A Maximum Likelihood Ensemble Filter Via A Modified Cholesky Decomposition For Non-Gaussian Data Assimilation

Sensors (Basel). 2020 Feb 6;20(3):877. doi: 10.3390/s20030877.

Abstract

This paper proposes an efficient and practical implementation of the Maximum Likelihood Ensemble Filter via a Modified Cholesky decomposition (MLEF-MC). The method works as follows: via an ensemble of model realizations, a well-conditioned and full-rank square-root approximation of the background error covariance matrix is obtained. This square-root approximation serves as a control space onto which analysis increments can be computed.

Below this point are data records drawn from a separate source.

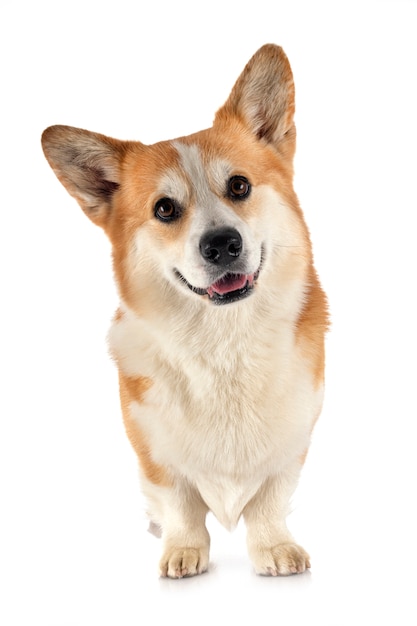 Pembroke welsh corgi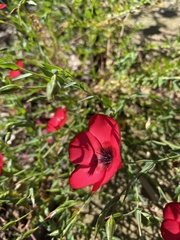 Linum grandiflorum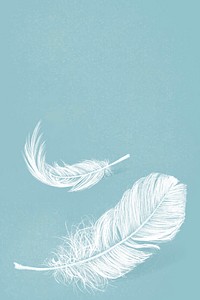 Hand drawn white feather vector on blue background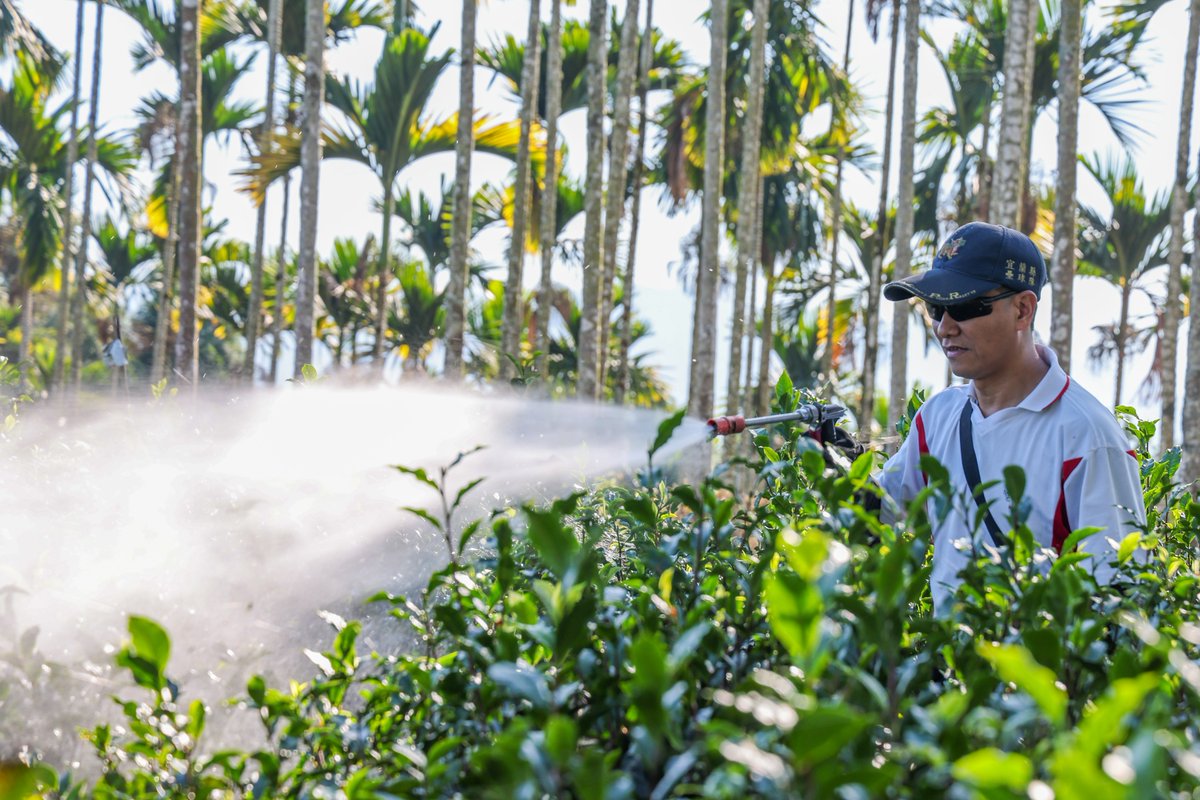 MoNDefense's tweet photo. Retired #ROCMP Lieutenant Colonel Shen Chun-Nan has upheld his mission and responsibility even after leaving the service. Through eco-friendly organic farming, he is committed to preserving pure, sustainable land for future generations. https://t.co/gyHQAuHvGX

These are calculated via Line-Search (LS) optimization. We theoretically prove the convergence of the MLEF-MC. Experimental simulations were performed using an Atmospheric General Circulation Model (AT-GCM) and a highly nonlinear observation operator. The results reveal that the proposed method can obtain posterior error estimates within reasonable accuracies in terms of ℓ - 2 error norms. Furthermore, our analysis estimates are similar to those of the MLEF with large ensemble sizes and full observational networks.

Keywords: EnKF; MLEF; ensemble-based data assimilation; line-search optimization; modified cholesky decomposition.